Function.name(add) // "add"
Function.parameters(add) // ["a", "b"]
Function.restParameter(add) // null
Function.namedParameters(add) // ["c", "d"]
Function.parameterDefault(add, "d") // 4
Function.restParameterDefault(add) // null
Function.isMemoized(add) // false
Function.hasMemoized(add, 1, 2) // false

Symbol.name(@foo) // "foo"
Symbol.id(@foo) // 0x12345678 (some unique id)

// modules
Import.name("./foo.goose") // "foo" (the algorithm used to name modules)
Import.resolve("./foo.goose") // "/absolute/path/to/foo.goose"
Import.resolve("std:foo") // "<std/foo.goose>" or similar (stdlib has no absolute path)
Import.self.name // "bar" (the name of the current module)
Import.self.path // "/absolute/path/to/bar.goose"

export const x = 5
const y = 5
Export.name(x) // "x"
Export.name(y) // null
Export.name(5) // throws an error (literals can't be exported)
Export.name("foo") // throws an error
Export.list() // ["x"]





// fleshed out standard library
import "std:math"      // -> `math.{symbol}`: math constants, functions, etc
import "std:io"        // io operations
import "std:time"      // time and date util
import "std:http"      // http client
import "std:json"      // json parser and serializer
import "std:hash"      // hash functions
import "std:crypto"    // crypto functions (pbkdf2, secure random, etc)
import "std:random"    // pseudo random numbers and data
import "std:platform"  // language, runtime, and platform information (os, arch, etc)
import "std:canvas" show {  // 2d drawing canvas
  Canvas,
  rect,
  circle,
  ellipse,
  line,
  text,
  image,
}

math.PI // π
math.E // e
math.sin(1) // sin(1)

const f = io.open("foo.txt", "r") // file handle
f.read(1024) // read 1024 bytes
f.close()

const text = io.readSync("foo.txt", "utf-8") // read file synchronously
io.writeSync("bar.txt", text, "utf-8") // write file synchronously

// move to std:time?
time.sleep(1000) // sleep for 1000 milliseconds
time.milli() // current time in milliseconds
time.micro() // current time in microseconds
time.nano() // current time in nanoseconds

// move to std:os?
os.exit(1) // exit with code 1
os.args // command line arguments
os.env // environment variables

let res = await http.get("https://example.com")
res.status // 200
res.headers // { "Content-Type": "text/html", ... }
res.body // byte array
res.text() // unicode string (throws if not valid unicode)
res.tryText() // unicode string or null
res.json() // parsed json (throws if not valid json)
res.tryJson() // parsed json or null

let json = json.parse("[1, 2, 3]")
json[0] // 1
let str = json.stringify(json) // "[1,2,3]"

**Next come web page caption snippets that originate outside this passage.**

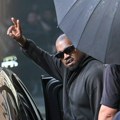 Kanjea Vesta žele samo Albanci? Evropa mu okrenula leđa, a u Tirani ga jedva dočekali, grade mu i stadion za koncert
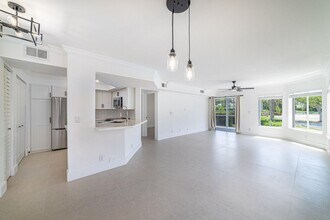 815 Boynton Beach Blvd in Boynton Beach, FL - Building Photo - Building Photo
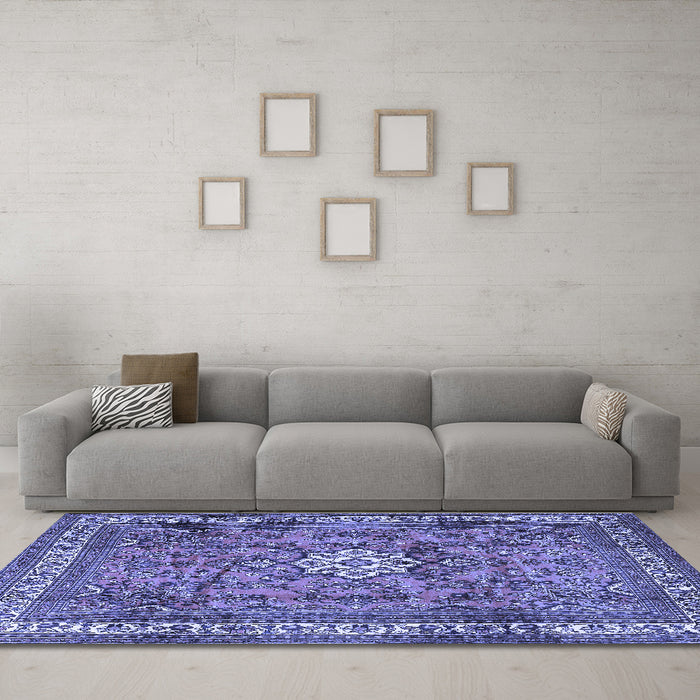 Machine Washable Persian Blue Traditional Rug in a Living Room, wshtr3947blu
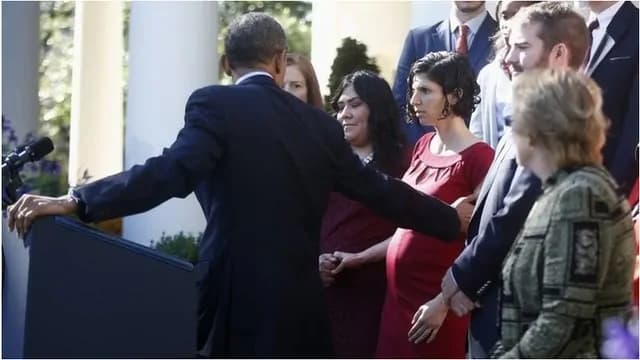 Incinta, sta per svenire, presa al volo dal Presidente Obama [VIDEO]
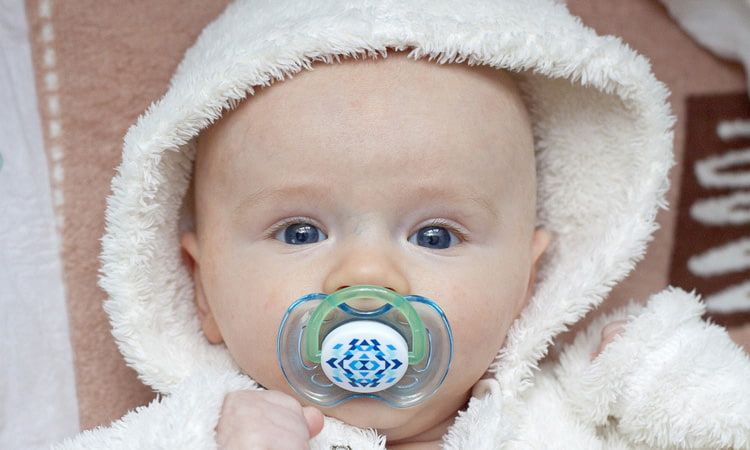 Jak dopasować smoczek i butelkę do potrzeb i wieku dziecka? 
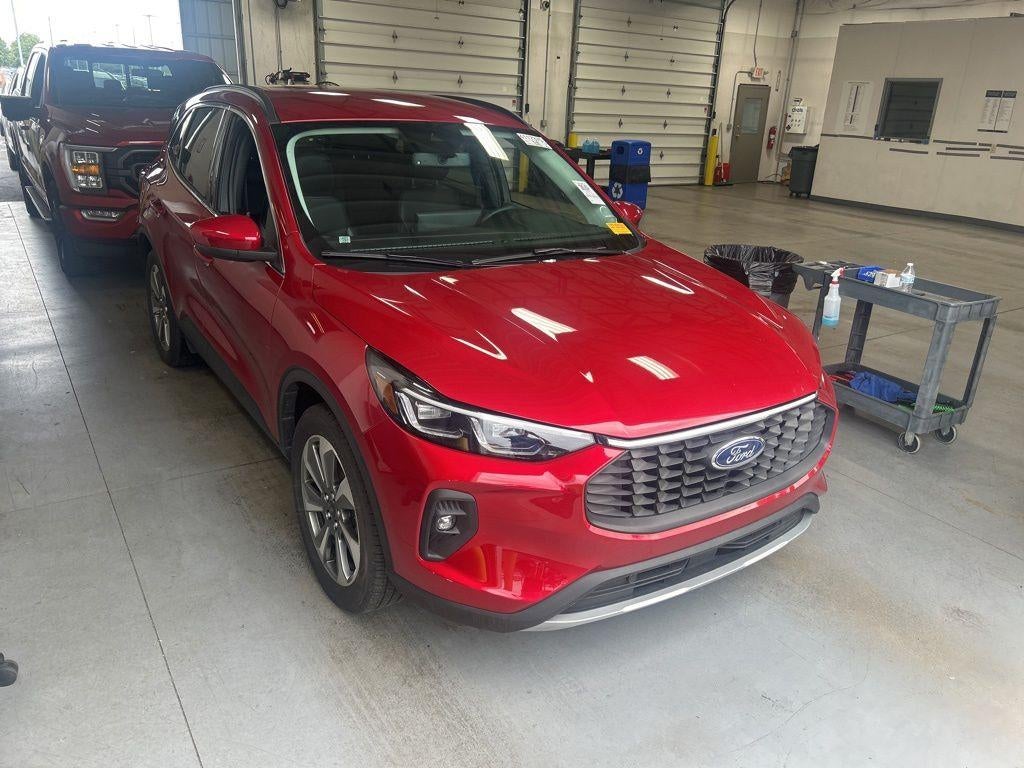 2025 Ford Escape Platinum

hash.sha256("foo") // "0beec7b5ea3f0fdbc95d0dd47f3c5bc275da8a33"
hash.md5("foo") // "acbd18db4cc2f85cedef654fccc4a4d8"

crypto.randomBytes(16) // 16 secure random bytes
crypto.pbkdf2("password", "salt", 1000, 32) // 32 byte key

random.int(1, 10) // random int in range [1, 10)
random.float(1, 10) // random float in range [1, 10)
random.bool() // random bool
random.choice([1, 2, 3]) // random element from array
random.shuffle([1, 2, 3]) // random permutation of array
random.shuffle([1, 2, 3], 2) // random permutation of array with 2 elements
random.random() // random float in [0, 1)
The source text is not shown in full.